Author Topic: Die space for m68k on FPGA? (Read 13453 times)

matthey · « **on:** January 05, 2013, 05:59:33 AM »

Quote from: freqmax;721192

I' curious if an 80386 + VGA can be implemented on the existing FPGA Replay.

DosBox with 68k Dynamic Recompilation should be able to achieve 386 emulation speeds on a fast 68060 or fpga 68k CPU. The bonus is that the Amiga can multitask at the same time kind of like the advantage of ShapeShifter over a real 68k Macintosh. An enhanced fpga 68k CPU could support faster emulation of x86 by providing some useful instructions and addressing modes that the x86 has but the 68k does not. When creating the basic 68k dynamic recompilation, I could see that MVS/MVZ (x86 MOVSX/MOVZX), LEA to a data register, immediate shifts >8, base register update addressing mode, small longword->word compressed immediates, a PERM instruction and fast bitfield instructions would greatly speedup and simplify x86 emulation. Many of these ideas were previously suggested in the 68koolFusion ISA coincidentally. A true 386 fpga core should still be a little faster but then a real 386 DOS machine can be obtained for free.

Quote from: billt

an FPGA on a PGA carrier to replace 68060 which are so hard to find the good ones now.

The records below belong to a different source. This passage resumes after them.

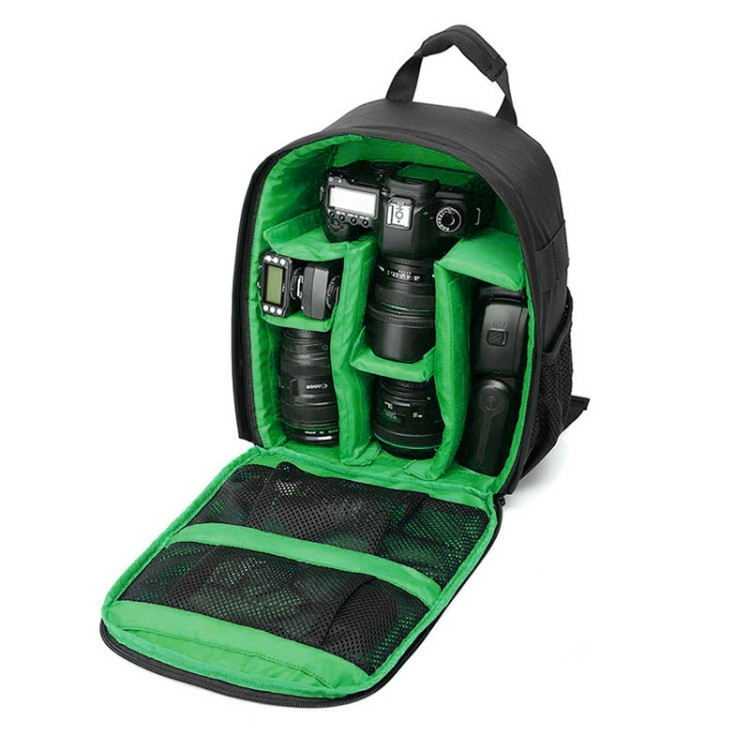 Рюкзак Indepman DCA-0066G black/green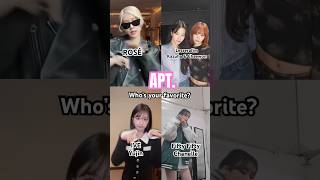 Kpop Idols Apt Challenge Blackpink Rosé Lesserafim Kazuha Chaewon Ive Yujin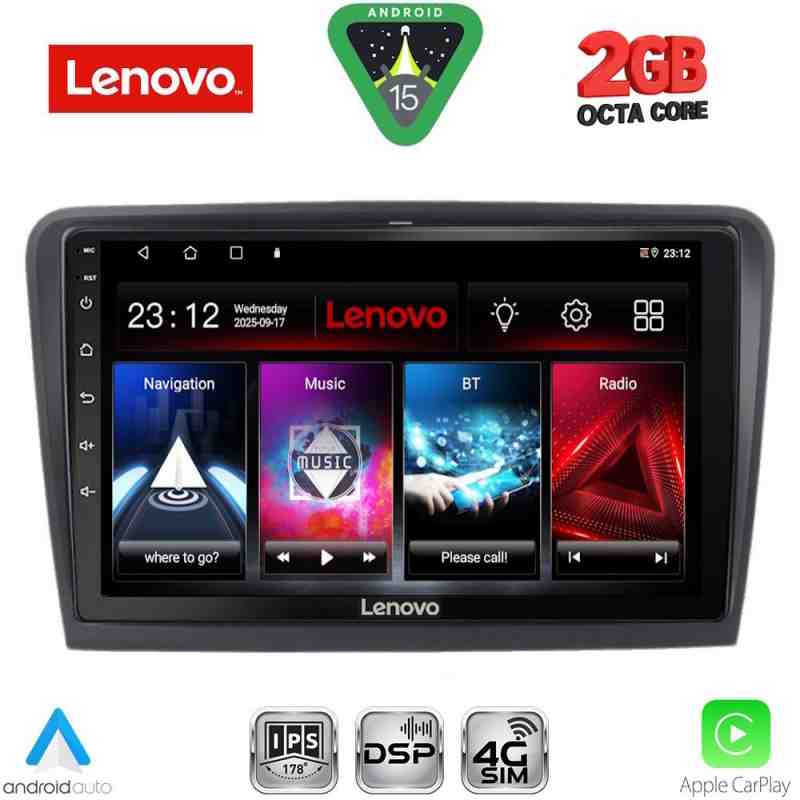 LENOVO LVF 5604B_CPA (10inc) MULTIMEDIA TABLET for SKODA SUPERB mod. 2008-2015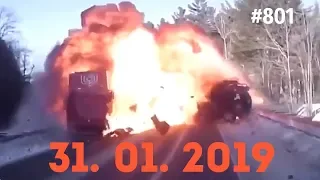 ☭★Подборка Аварий и ДТП/Russia Car Crash Compilation/#801/January 2019/#дтп#авария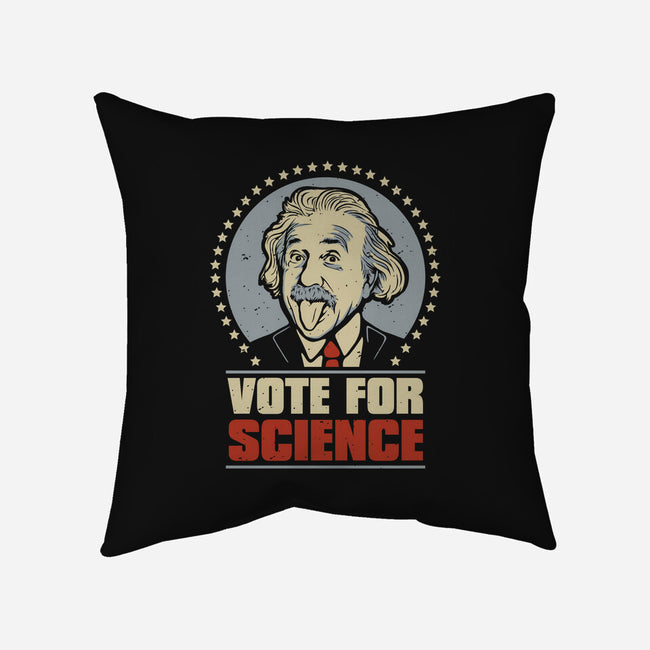 Vote For Albert-None-Removable Cover w Insert-Throw Pillow-Melonseta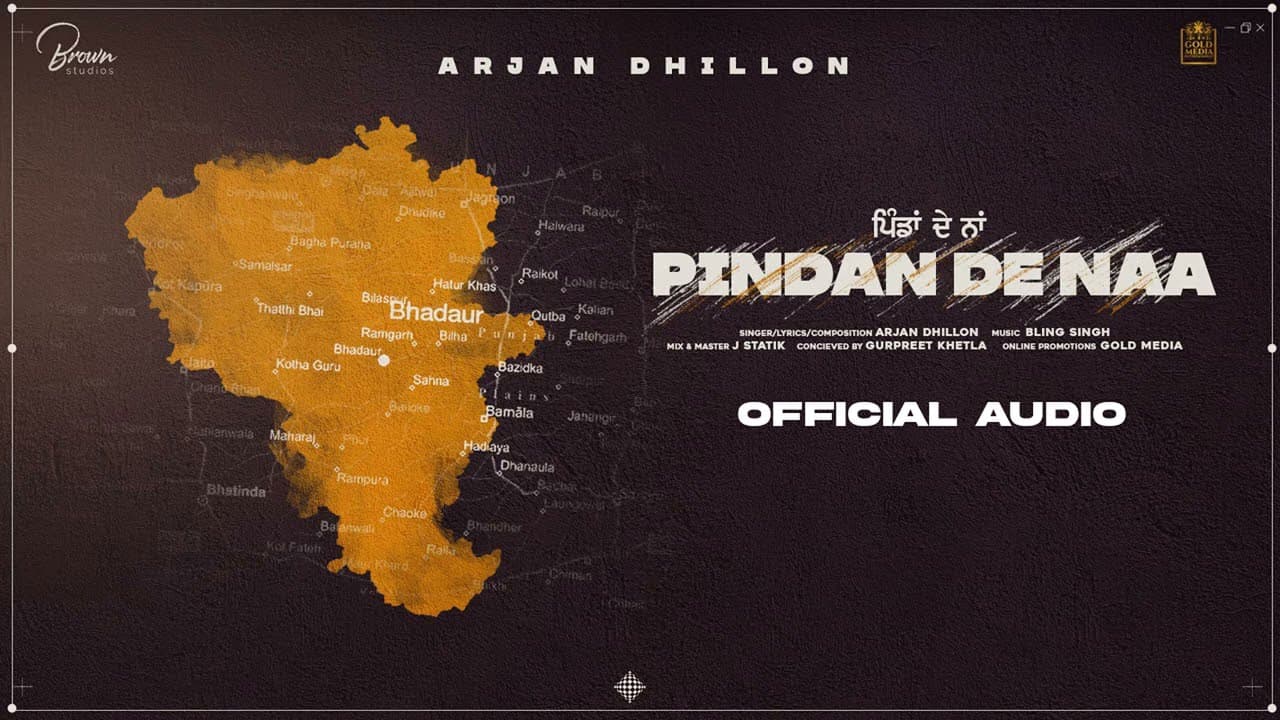 Pindan De Naa Lyrics Arjan Dhillon (1)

Quote from: freqmax;721192

I like the idea. Power through the socket might be an issue thoe.

Yea, Interesting idea. An fpga is low power and voltage like the 68060. An fpga core would have to be very similar to a 68060 though.

matthey · « **Reply #1 on:** January 05, 2013, 03:44:16 PM »

Quote from: Fats;721327

Why not go for both a m68k and x86 CPU core at the same time on the FPGA ?

A 2nd (and larger in the case of x86) decoder would be needed but it is possible for a fpga CPU core internally to be flexible enough to handle most modern CPU instructions, addressing modes and functionality. The same task/process could only execute the code for 1 CPU at once because of encoding conflicts. Multiprocessing should be possible with care though. It would be like emulating an Amiga with a bridgeboard all in one fpga. Personally, I think a 68k and x86 together would be a waste. Enhance the 68k as I suggested and the 68k would be able to do practically all the common functionality of the 386 but to general purpose registers making emulation easier while being much easier to program. More interesting CPU combinations would be 68k+Z80 for emulating several game consoles and 68k+PPC for emulating PPC Amigas although that would require a big fpga and an efficient PPC core. Also, an enhanced 68k+68000 might be good for max compatibility without rebooting/configuring the fpga.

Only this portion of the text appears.